== Source data ==
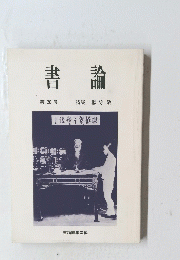 書論　第26号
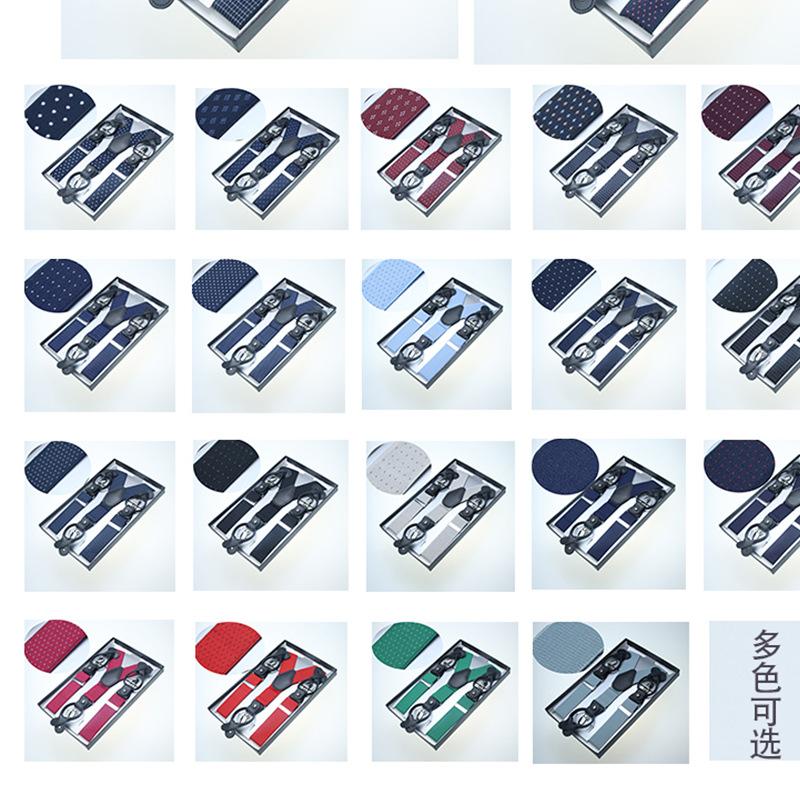 3.5Cm Men'S Adult Strap Men'S Trousers Suspender Suit Shirt Strap Clip Suspender Strap Fat Elastic Non-Slip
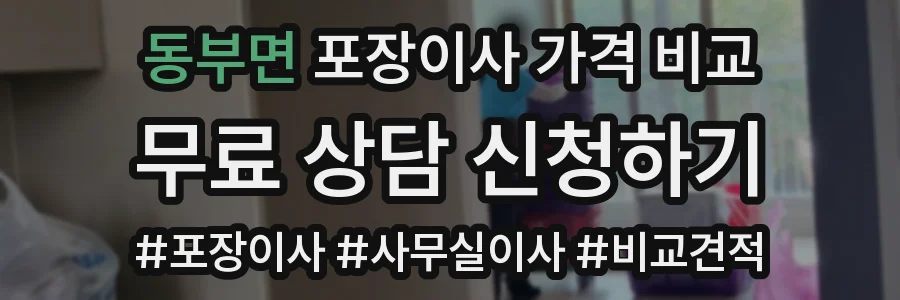 동부면 포장이사 가격 비교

== Task requirements ==
Output the material word for word, omitting its pictures.

== Exercise answer ==
 書論　第26号
 3.5Cm Men'S Adult Strap Men'S Trousers Suspender Suit Shirt Strap Clip Suspender Strap Fat Elastic Non-Slip
 동부면 포장이사 가격 비교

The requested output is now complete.